-- Information follows --

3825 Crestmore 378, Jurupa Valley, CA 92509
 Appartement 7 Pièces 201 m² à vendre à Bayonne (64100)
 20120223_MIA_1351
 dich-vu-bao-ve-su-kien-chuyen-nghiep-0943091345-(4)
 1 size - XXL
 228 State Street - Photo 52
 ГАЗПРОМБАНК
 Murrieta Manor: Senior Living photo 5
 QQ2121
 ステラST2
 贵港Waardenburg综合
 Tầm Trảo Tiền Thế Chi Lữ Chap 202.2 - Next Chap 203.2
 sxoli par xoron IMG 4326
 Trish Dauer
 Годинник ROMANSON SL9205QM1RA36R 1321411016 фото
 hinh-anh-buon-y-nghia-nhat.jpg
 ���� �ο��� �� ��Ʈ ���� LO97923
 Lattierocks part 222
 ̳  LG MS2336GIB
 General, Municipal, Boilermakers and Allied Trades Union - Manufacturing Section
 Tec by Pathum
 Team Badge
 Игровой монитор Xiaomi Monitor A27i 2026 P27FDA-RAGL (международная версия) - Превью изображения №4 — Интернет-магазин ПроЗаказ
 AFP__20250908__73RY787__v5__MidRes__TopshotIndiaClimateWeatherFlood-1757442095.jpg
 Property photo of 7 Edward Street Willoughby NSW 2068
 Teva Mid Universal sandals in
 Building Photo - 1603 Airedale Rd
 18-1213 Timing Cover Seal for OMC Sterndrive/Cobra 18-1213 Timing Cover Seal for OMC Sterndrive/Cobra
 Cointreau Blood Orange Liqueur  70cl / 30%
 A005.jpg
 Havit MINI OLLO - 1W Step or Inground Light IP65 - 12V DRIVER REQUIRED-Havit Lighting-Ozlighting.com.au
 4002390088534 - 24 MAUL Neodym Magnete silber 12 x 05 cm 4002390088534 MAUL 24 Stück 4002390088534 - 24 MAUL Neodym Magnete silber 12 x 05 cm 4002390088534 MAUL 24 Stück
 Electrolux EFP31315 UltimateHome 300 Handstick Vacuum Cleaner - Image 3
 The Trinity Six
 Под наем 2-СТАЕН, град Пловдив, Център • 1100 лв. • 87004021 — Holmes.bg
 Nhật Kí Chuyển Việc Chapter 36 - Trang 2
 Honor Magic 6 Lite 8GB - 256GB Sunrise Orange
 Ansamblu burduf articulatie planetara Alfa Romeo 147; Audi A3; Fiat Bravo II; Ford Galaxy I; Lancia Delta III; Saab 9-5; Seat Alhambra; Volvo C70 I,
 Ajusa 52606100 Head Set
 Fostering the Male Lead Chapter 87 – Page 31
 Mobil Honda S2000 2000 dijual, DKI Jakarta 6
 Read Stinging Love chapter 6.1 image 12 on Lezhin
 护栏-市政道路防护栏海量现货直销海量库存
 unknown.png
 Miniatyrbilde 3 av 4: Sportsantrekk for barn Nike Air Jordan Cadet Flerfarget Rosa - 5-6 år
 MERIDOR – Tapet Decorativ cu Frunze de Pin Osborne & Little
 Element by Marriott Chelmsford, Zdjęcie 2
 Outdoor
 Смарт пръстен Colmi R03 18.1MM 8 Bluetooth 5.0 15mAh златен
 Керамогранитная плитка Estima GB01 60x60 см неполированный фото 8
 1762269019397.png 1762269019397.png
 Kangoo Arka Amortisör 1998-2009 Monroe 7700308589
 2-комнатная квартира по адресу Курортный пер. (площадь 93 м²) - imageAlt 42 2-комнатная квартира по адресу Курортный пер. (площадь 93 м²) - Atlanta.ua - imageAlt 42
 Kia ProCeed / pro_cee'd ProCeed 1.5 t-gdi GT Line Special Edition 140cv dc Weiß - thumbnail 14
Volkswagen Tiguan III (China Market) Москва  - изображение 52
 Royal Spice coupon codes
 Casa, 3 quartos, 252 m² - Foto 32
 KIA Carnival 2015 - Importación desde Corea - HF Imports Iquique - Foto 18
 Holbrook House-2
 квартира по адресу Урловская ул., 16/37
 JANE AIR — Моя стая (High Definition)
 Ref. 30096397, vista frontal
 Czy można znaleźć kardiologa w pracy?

-- Information concluded --

Task instructions:
Look above for the line containing "Ref. 30096397, vista frontal", then please write out that line and each one after it through the end, exactly, with nothing else.

Task solution:
 Ref. 30096397, vista frontal
 Czy można znaleźć kardiologa w pracy?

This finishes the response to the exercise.